Optimizing Decision Trees: How to Calculate Splits with Gini Impurity
By Mbali Kalirane on
Gini impurity quantifies the uncertainty in a data set by measuring the probability of incorrectly classifying a data point based on the distribution of labels in the subset. Calculating the Gini impurity for each feature helps identify which feature results in the lowest impurity and hence maximizes the homogeneity of the resulting child nodes. This process of calculating Gini impurity helps us choose the most informative features for partitioning our dataset.
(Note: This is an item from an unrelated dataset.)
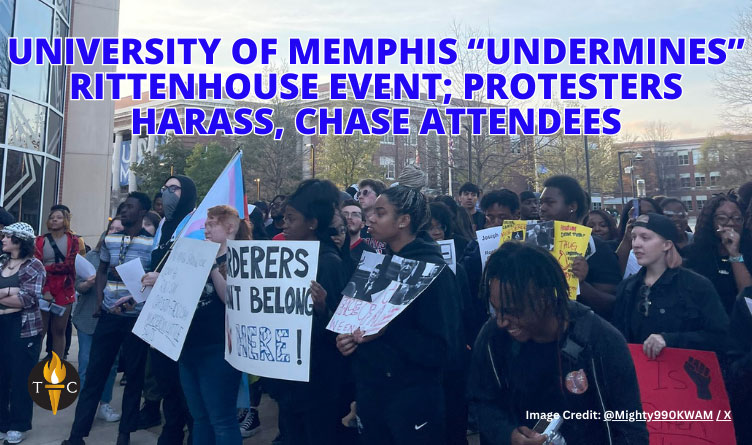 University Of Memphis “Undermines” Rittenhouse Event; Protesters Harass, Chase Attendees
In this article, we’ll go through an example of how to use gini impurity for effectively partitioning data in a decision tree.
Table of Contents
Steps for Splitting a Decision Tree
1. Calculate the Gini impurity for each feature subcategory
Suppose we have the following hypothetical dataset, with two independent variables, Feature 1, Feature 2, and a target variable, Target. Feature 1 has two subcategories, A and B. Feature 2 has subcategories, X an Y. The target variables have two classes, class 1 and class 2.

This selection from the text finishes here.